Despite the alarming revelations from the Facebook fallout, we should recognise that Australia has a great opportunity to lead the world in data privacy.

With the right conversations and research focus, our country could shape the way the world approaches corporate data privacy — through creating technology that will allow our society to freely share data and increase efficiencies, while still maintaining the integrity of an individual’s privacy and without revealing proprietary information.

We are already seeing the emergence of these data sharing principles and technologies in Australia with the adoption of blockchain and initiatives like the recent Open Banking Review. But the financial services sector is only the tip of the iceberg.

If employed correctly, a data-sharing framework could exist in many industries, for example take agriculture and supply chain integrity. Farmers and producers could combine data about yields of their crops without having to share the actual data, to make more accurate predictions about increasing crop yield in different environments.

Combined with transport and logistics data, more optimal delivery routes and times could be established between parties on the supply chain through better sharing of data operating our infrastructure at higher levels of operational efficiency.
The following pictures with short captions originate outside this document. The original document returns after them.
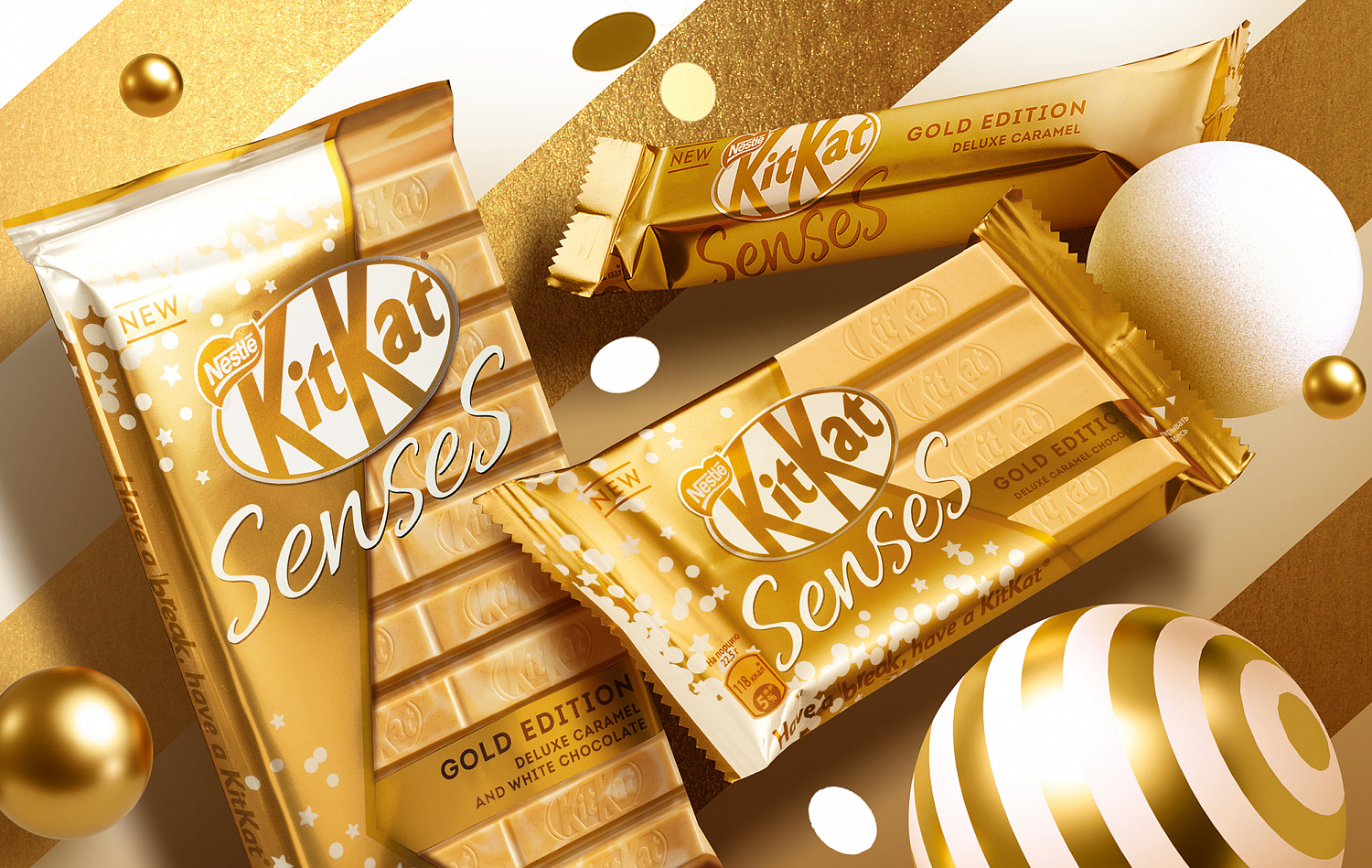 KitKat Sense Gold Edition - Портфолио Depot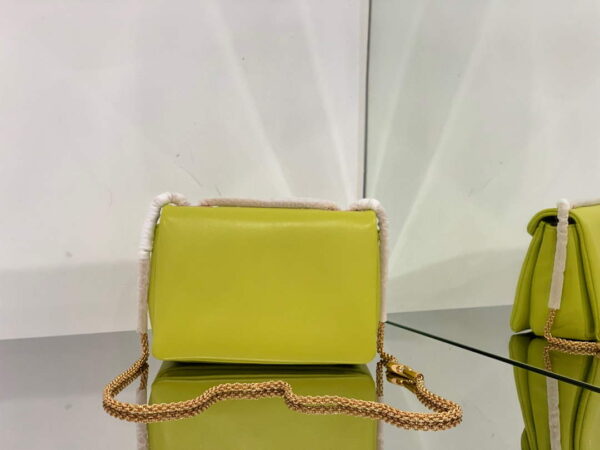 Replica Valentino One Stud Nappa Bag With Chain 1215 Lemon Yellow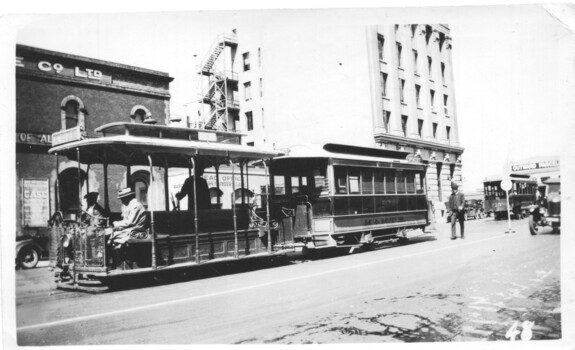 Cable trams - Collins St at Spencer St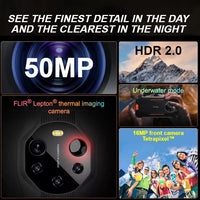 [TRADE-IN] Blackview BL8800 PRO 5G FLIR Thermal Camera Rugged Phone 8GB + 128GB 6.58in FHD + Screen 50MP Camera + FLIR Thermal Dimensity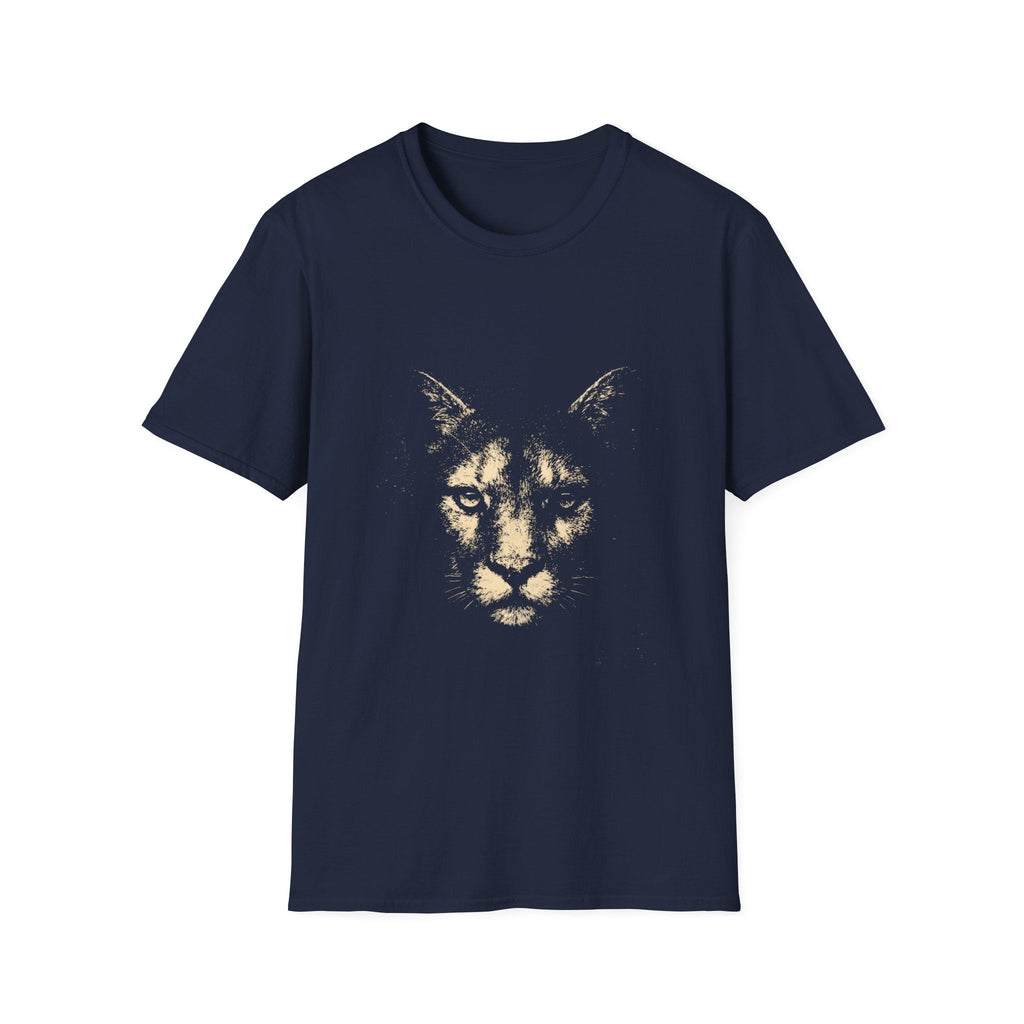 Printify T-Shirt Navy / XS Lion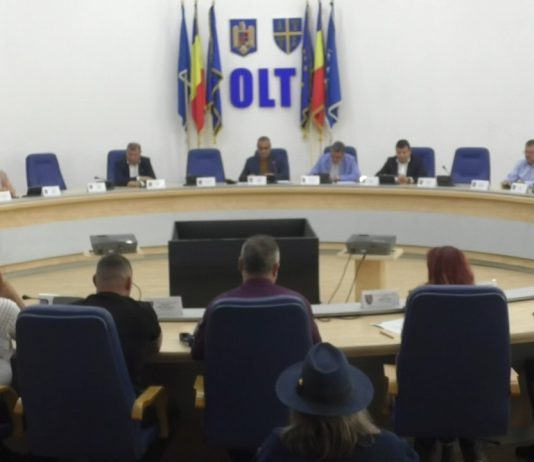 ȘEDINȚĂ EXTRAORDINARĂ LA CJ OLT, PENTRU APROBAREA A 3 PROIECTE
So what could this data sharing future look like? How can Australian organisations preserve the utility of data, while still honouring customer’s privacy? It is still early days, but that makes it all the more important that we are having the right discussions, as the correct measures need to be put in place now, rather than once a breach happens.
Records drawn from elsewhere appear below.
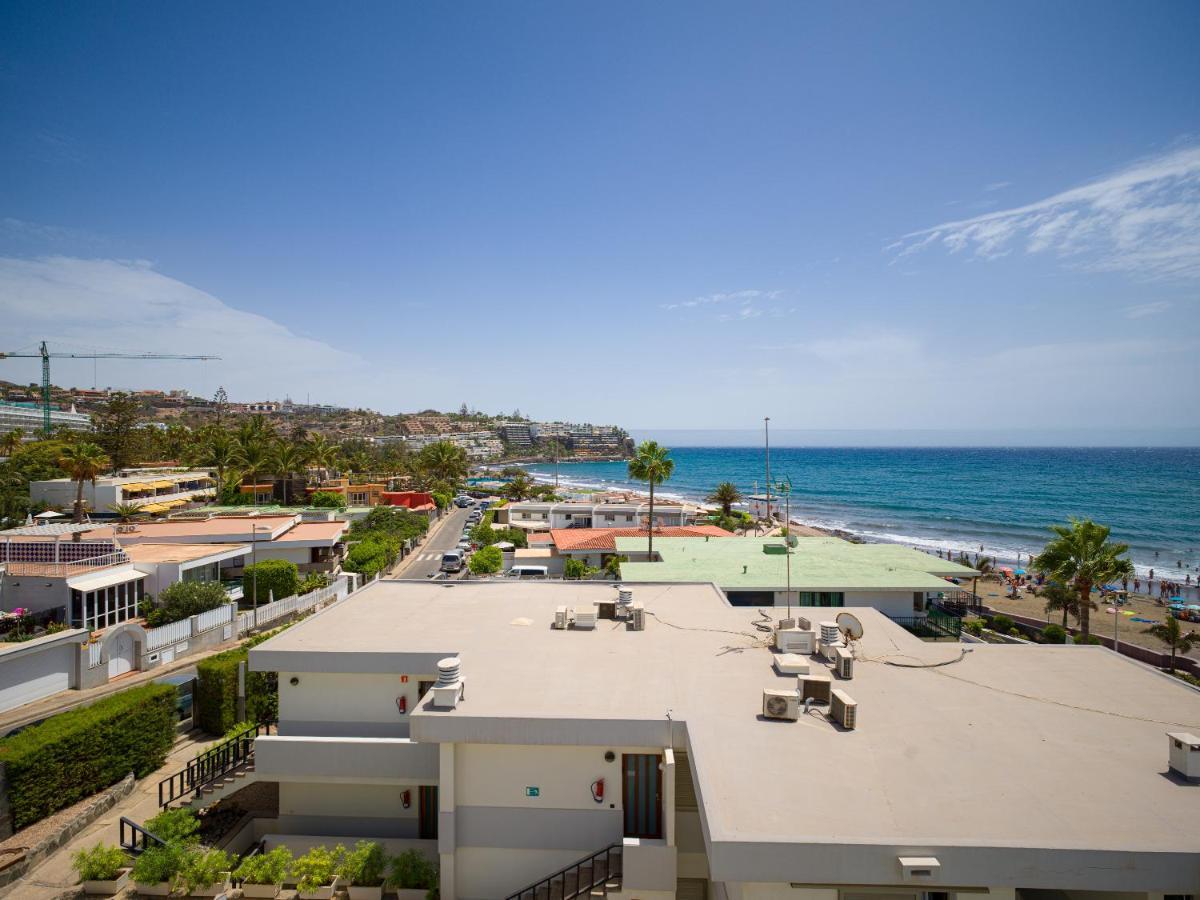 Precioso Apartamento En 1ª Linea De Mar San Agustín Esterno foto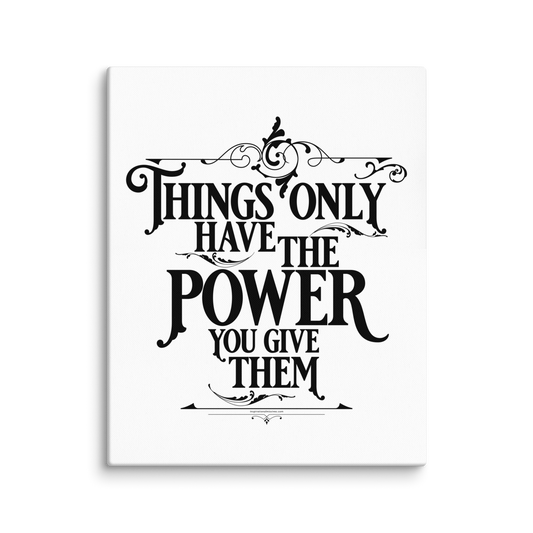 Things Power 16x20 Canvas Art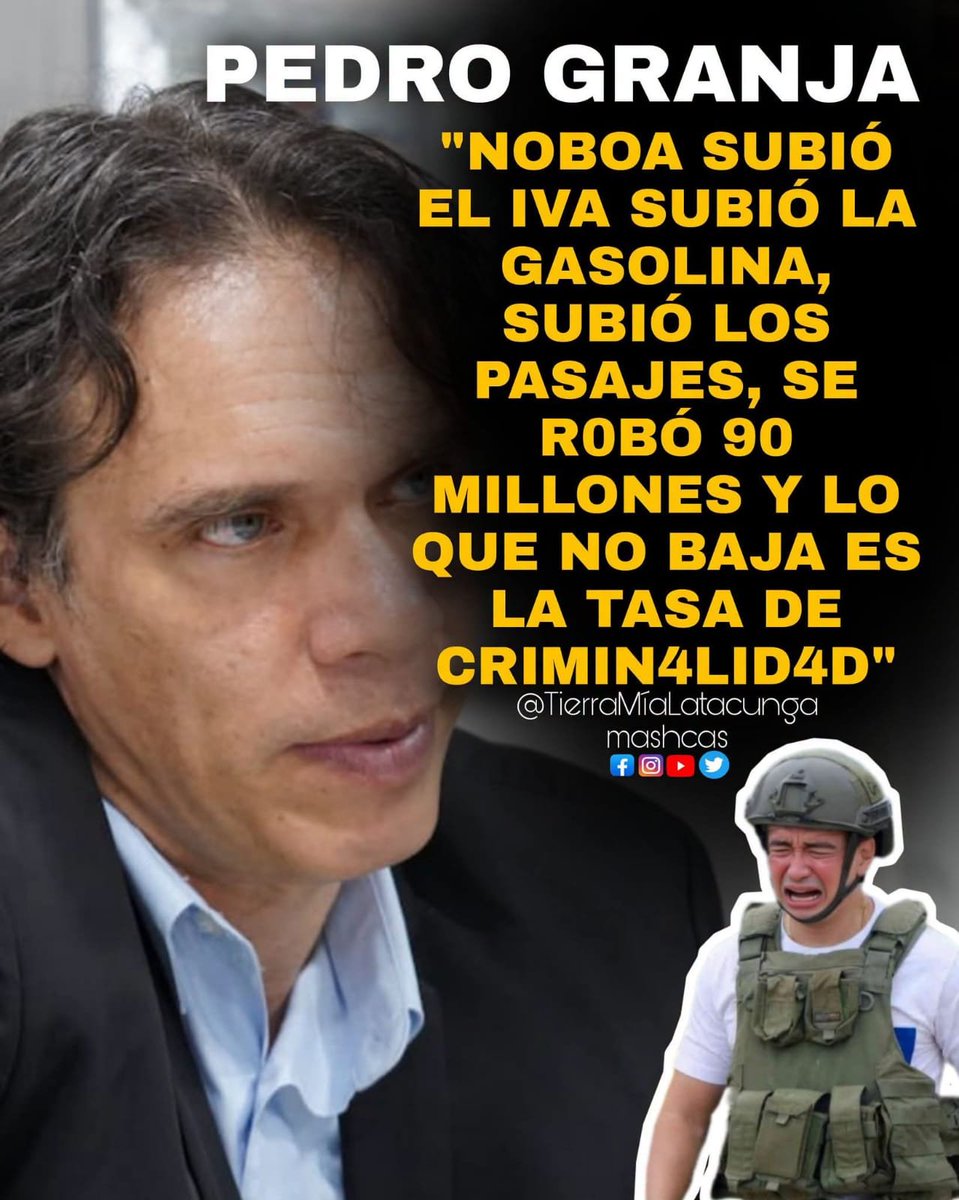 AlmaMiaEcu's tweet photo. Ya es tiempo que se den cuenta que Daniel Noboa solo gobierna para su beneficio personal o familiar, los ecuatorianos poco o nada le importamos. https://t.co/NOavTOEeJl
The ethical use of customer data is a fine balancing act. Many businesses collect data that has the potential to be incredibly useful for improving productivity, economic growth, efficiency and even overall quality of life for end users, yet working out how to derive these insights for the creation of better products and services, without compromising the privacy of an individual can be a challenge.

At Data61 we are researching and developing models and products that will allow organisations to have the best of both worlds. These safety measures can come in a few forms:

Data encryption to enable private analytics

One method that Australian businesses can employ, is to use technology platforms to process data distribution or particular requests ‘without seeing the original data’ using special forms of encryptions that allow computation over encrypted data.

Whether leveraging notions like homomorphic encryption or using distributed secure multi-party computation techniques, these platforms would operate encrypted versions of the data and generate an encrypted output which, when decrypted, match the request results as if they were performed on the original non-encrypted data.   

This is a technique that in some scenarios can be extremely powerful. Extracting analytics cross-organisations, or even between government departments (for example the Australian Bureau of Statics and the Department of Health) where there is a crucial need to not reveal any of the data of the participating entities, and this becomes not only possible but also robust and secure.

Privacy preserving transformation of data

When handling sensitive data sets, organisations should adopt rigorous definitions of privacy in which residual risks are quantified and well understood. They can employ algorithms that enable mathematically proven private data sharing, influencing data in such a way that the general ‘shape’ and statistical features of the data remain the same.

This offers optimal privacy-utility trade-offs while giving full control over the privacy protections. The rigour of mathematics gives control back to data custodians so they can understand and manage the risks of sharing and processing data. Provably private algorithms relying on notions such as differential privacy are useful in several scenarios ranging from the streaming of IoT-data to the aggregation and collection of energy or transportation data.

While privacy considerations are often inhibiting the process of sharing data, and as such become obstacles to build algorithms to make smarter infrastructure. Provably privacy protections algorithms could enable the collaboration amongst organisations which would unlock the economic growth from accurate analytics extraction.

Risks quantification and data management framework

We have also developed quantitative and qualitative privacy risk assessment tools for data stakeholders to understand the risks of re-identification associated with sharing or releasing data. The tools leverage information theory frameworks to provide accurate estimation of the residual risks associated with the sharing of sensitive data.

Lastly, we’ve released a practical guide for government agencies and businesses including not-for-profit and private sector organisations to manage data privacy. While this is not a method for enhancing individual data privacy as such, our framework can help data custodians identify and address the key factors relevant to particular data sharing or release situations, including privacy risk analysis and control, stakeholder engagement, and impact management.

As a data researcher, I could not be more excited to be living in such a time of global exploration and discovery into the uses and importance of data on our society. With the right processes and technologies in place, Australia is in an enviable position to become a global leader in protecting individual rights while still benefiting from the incredible utility and value of our data.

Dali Kaafar is Leader Information Security and Privacy Group at CSIRO’s Data61 and a professor at Macquarie University.